しかし、実際は素敵なものを手にしても、もったいなくて使えないのです。汚すのが怖くてお気に入りの靴は履けないし、新品のタオルはもったいなくて、古いものばかり使ってしまう。
ものに溢れた生活をしていた頃からそんな性格だったのですが、ミニマリストになった今でもちょくちょく起こっています。せっかく一目惚れしたものが家には在るのに、囲まれて暮らすどころか仕舞いっぱなしになりがち。最近の私の悩みです。

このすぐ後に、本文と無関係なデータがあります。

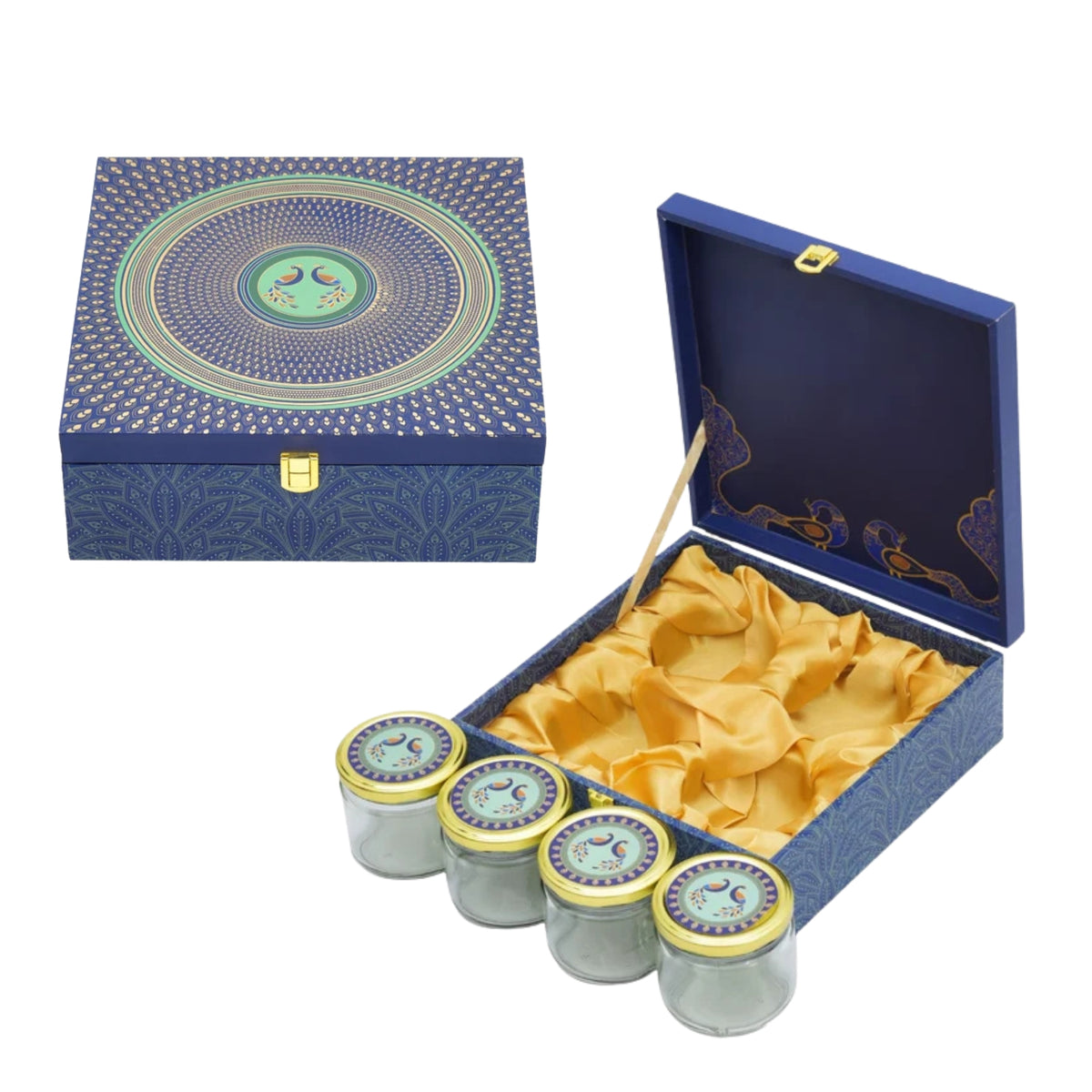 Blue Peacock Print Wooden Hamper Box with 4 Glass Jars – Premium Gift Box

もったいない。これはきっと、『もの』が『現状』を上回っていると感じることで起こる、心の摩擦のようなものです。
その摩擦のエネルギーを変換し、『いいもの』を買ったんだからと自分を奮い立たせ、「仕事を頑張って、いいものに見合うだけの現状にするぞ」と己をコントロールする。そんな向上心は素敵です。努力が成果、収入に直結するようなお仕事では、「いい腕時計を買いなさい」なんてよく言われているそうですね。わたしは畑違いなのでピンときませんが、営業職の方からうかがったことはあります。

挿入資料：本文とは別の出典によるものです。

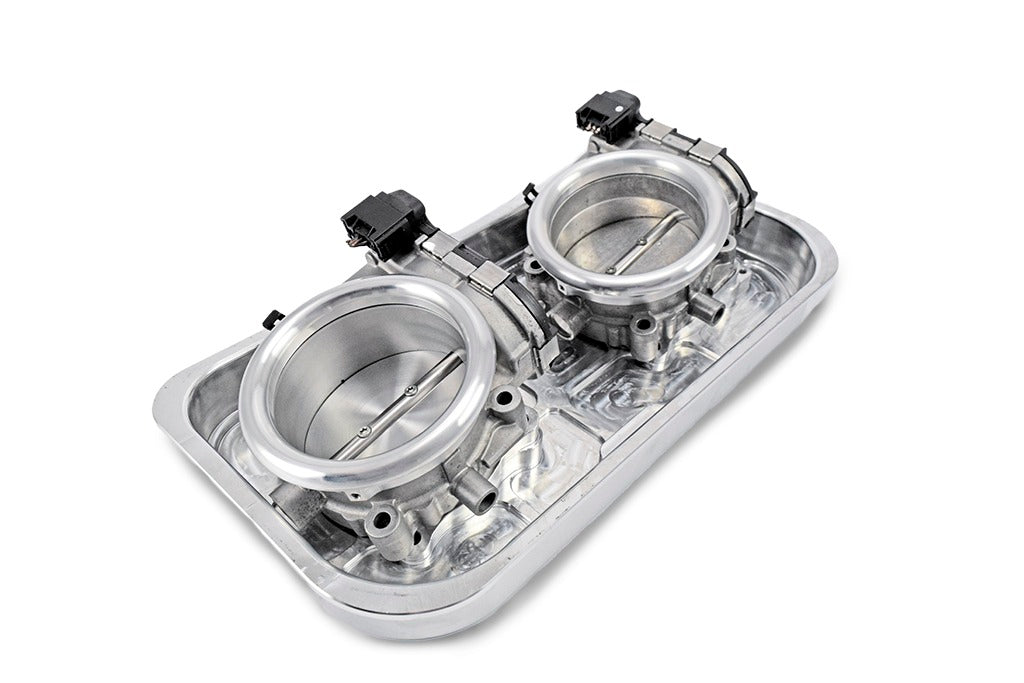 M156 velocity stacks installed on throttle body showing complete upgrade setup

しかし、『もの』と『現状』の差を感じるというのは、あくまで相対評価に過ぎません。つまり、自分自身の内側から発露しただけのものです。それを活力に変えることができず、私のように思い悩んでしまう。そんな時は、少しだけ視点を変えてみるのもいいかもしれません。きっと、知らず知らずにこわばっていた肩をほぐすように、じんわりと楽になれるはずです。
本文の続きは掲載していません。